A produção de cacau na família começou com seu bisavô materno, na Bahia, no município de Belmonte, no Vale do Jequitinhonha, no século XIX. Paulo conta que seu antepassado foi um dos pioneiros do cacau. Entre 1910 e 1930, o governo do Espírito Santo passou a incentivar a vinda de produtores de cacau para o estado e seu avô, que era topógrafo de formação, veio ajudar a dividir as áreas destinadas para a plantação da cultura e a trazer mão de obra especializada. Ele mesmo se interessou, ficou com algumas áreas, porém, pegou malária e faleceu.

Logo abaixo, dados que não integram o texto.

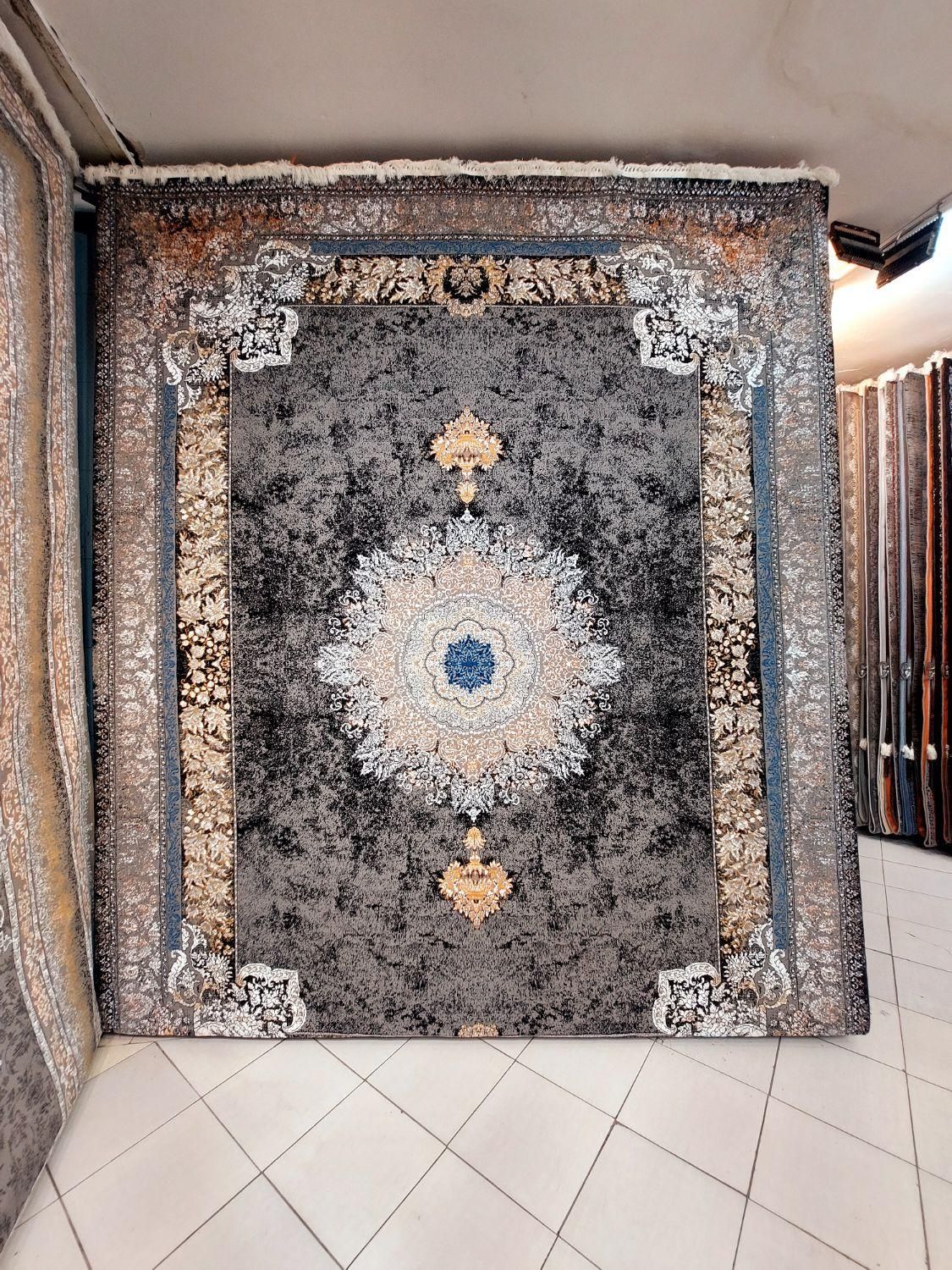 فرش۹متری ۷۰۰شانه تمام نخ صادراتی حاجی حسینی(طلاب)|فرش|مشهد, طلاب|دیوار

Sua esposa e seus quatro filhos permaneceram no Espírito Santo. Um deles, o pai de Paulo, foi para o Rio de Janeiro estudar e, quando voltou, comprou outras fazendas, investiu no transporte de cacau em canoas, chegando a ter uma frota de 36 delas. Passou a comprar e vender cacau, foi crescendo, investiu numa fábrica de chocolate chamada Vitória, que foi vendida em 1981.

Nessa época, Paulo foi estudar nos EUA e, na volta, foi trabalhar no Centro de Pesquisa do Cacau. Voltou pra iniciativa privada, se aprofundou no negócio do chocolate e decidiu investir todo o seu tempo nesse universo.

Paulo Gonçalves: “o Espírito Santo é conhecido por ter um excelente terroir, com um microclima maravilhoso para o cacau. Na região, temos 264 lagoas, o que explica a umidade relativa do ar ser grande. Aliado a um solo muito rico, cheio de potássio, faz com que as frutas da região sejam muito saborosas e doces”.

“Em 2001, já vinha pensado em outro tipo de negócio, utilizando chocolate natural, sem conservantes, como os astecas e maias faziam”.

Hoje, possui duas fazendas, a São José e a Ceará que, juntas, possuem 317 hectares, com 317 mil plantas de cacau. No começo, as roças formadas eram de cacau forasteiro, cujas sementes vieram da Bahia. Em 2000, fizeram uma renovação plantando trinitários, um cruzamento entre o cacau criolo e o forasteiro, mais produtivos, mais tolerantes à seca e à praga da vassoura de bruxa.

É bom lembrar que o Espírito Santo é o terceiro maior produtor de cacau do país e, segundo Gonçalves, sempre se preocupou com um manejo tecnicamente evoluído. “Foi o primeiro estado a utilizar a irrigação nas lavouras de cacau, de preconizar o manejo de poda de maneira correta, e isso fez com que a produtividade do estado sempre fosse alta. “E você sabe, né? Produtividade é tudo, faz a gente conseguir pagar a conta”, afirma.

“Já tivemos 36 famílias nas fazendas, com moradia, água tratada, ônibus para as crianças irem para as escolas e faculdades da região. “Infelizmente, hoje, depois do rompimento da barragem, muitos trabalhadores preferiram ir embora da região. Mão de obra, hoje, é uma dificuldade. Estamos com apenas a metade dos trabalhadores”, diz

Cerca 80% da produção de cacau de suas propriedades é de cacau especial, que Paulo utiliza para a produção da marca Espírito Cacau. E os 20% restantes, que é de cacau tipo 1, commoditie, vende para a grande indústria. “Vendo esse cacau ainda com um preço competitivo e, se por acaso, precisar comprar massa de cacau bulk, consigo comprar mais barato do que usar o meu cacau”, confidencia.